Environment: Google Cloud Function / 2 GB in-ram file system / unknown (probably debian) 64 bit linux / crystal binaries called via Node.js.
I'm running into the fabled boehm-gc error:
GC Warning: Out of memory - trying to allocate less
Insufficient memory for GC_all_nils
when running crystal language binaries (or just crystal --version
or shards install
etc) from within a Google Cloud Function, and when there is tons of free ram (generally 1.7 gigs). GCF uses a 2 GB in-ram file system, meaning if I create a 20 MB file, I am really using up 20 MB of ram, etc. Running crystal --version
should not require 2 GB of ram, so something fishy is going on. I've checked the output of free -h
right before I run crystal --version
and indeed there are like 1.8 gigs of free ram.
For some reason no matter what I do, boehm-gc is throwing this error via crystal. I am wondering if maybe this is a bug?
I can run binaries or code you give me to try to debug this in GCF.
I also posted this on the boehm-gc repo: https://github.com/ivmai/bdwgc/issues/225
For anyone wondering why I care about this: I am working on a shard that will automatically package and deploy a crystal app into a google cloud function.

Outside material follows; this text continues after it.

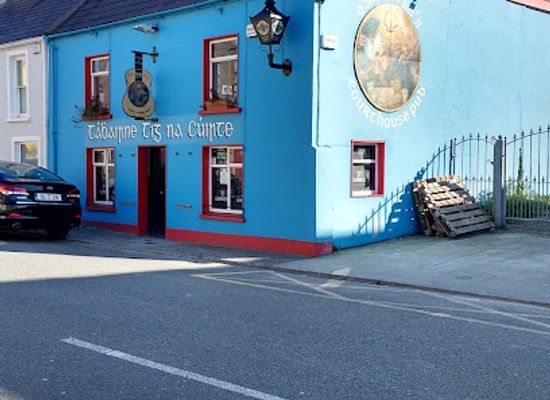 ireland/slea-head-drive/bar/o-sullivan-s-courthouse-pub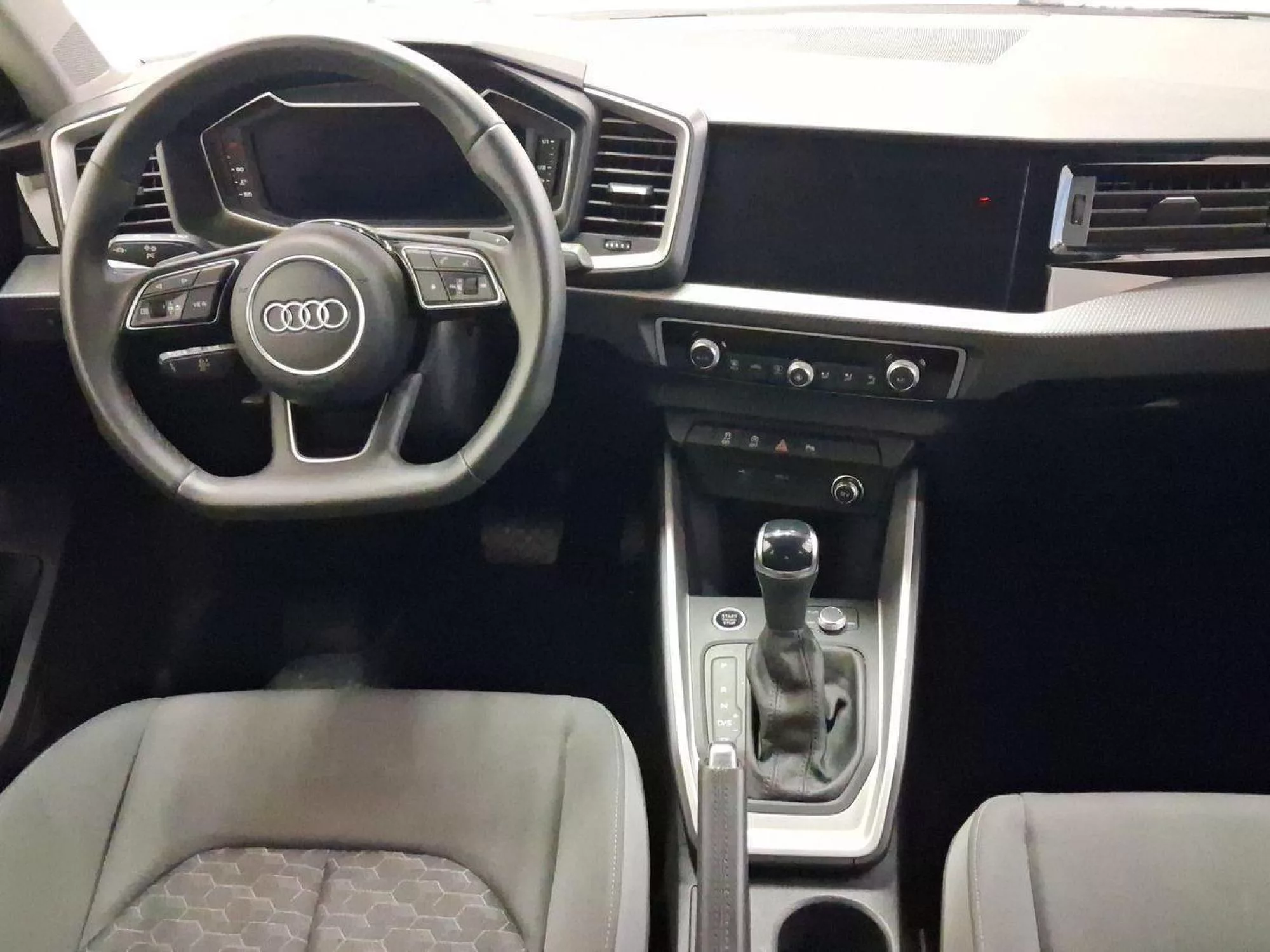 AUDI A1 Gasolina 2025 segunda-mano Jaén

Right now I have this working if I do the compilation locally on my linux machine, however I would like to compile binaries in Google Cloud Function so they are completely optimized for that runtime environment (and for OSX users).
If your're compiling, it might be very likely that the compiler consumes this 1.8 GB. Before jumping to conclusions that this is must be a bug, you should verify the actual memory usage while the program runs, not just before you start it. You could either poll free
or add --stats
to the compiler command.
@straight-shoota please read the issue description. Running any crystal binary such as crystal --version
or shards --version
triggers the issue! It sounds a lot like BDW is somehow incapable to detect the actual available memory.
This was in response to the last comment which talked explicitly about compiling.
Anyways it would be good to know the actual memory consumption, be it for compiling or crystal --version
.
unfortunately the best I can get is the memory consumption of all processes and the total available for the system immediately before I run crystal --version
and immediately after crystal --version
crashes with the GC error. (the whole system is typically using something like 200 mb of ram at that point). I would second that this sounds like BDW is incorrectly estimating the actual available memory.
@sam0x17 could you run the build command with --stats
option? That will show some progress and memory consumption in each stage.
I don't fully understand what code you are trying to compile and then run in GCF. How huge it is? Is it shareable?
@bcardiff I will do that and get back to you. edit: I actually can't because crystal crashes regardless of whether I am compiling or not, so --stats is irrelevant
At the moment I'm not even trying to compile anything -- just running the pre-compiled crystal binary and doing crystal --version
, or shards install
, etc.. The next step is compiling a tiny hello world program (e.g. puts "hello world"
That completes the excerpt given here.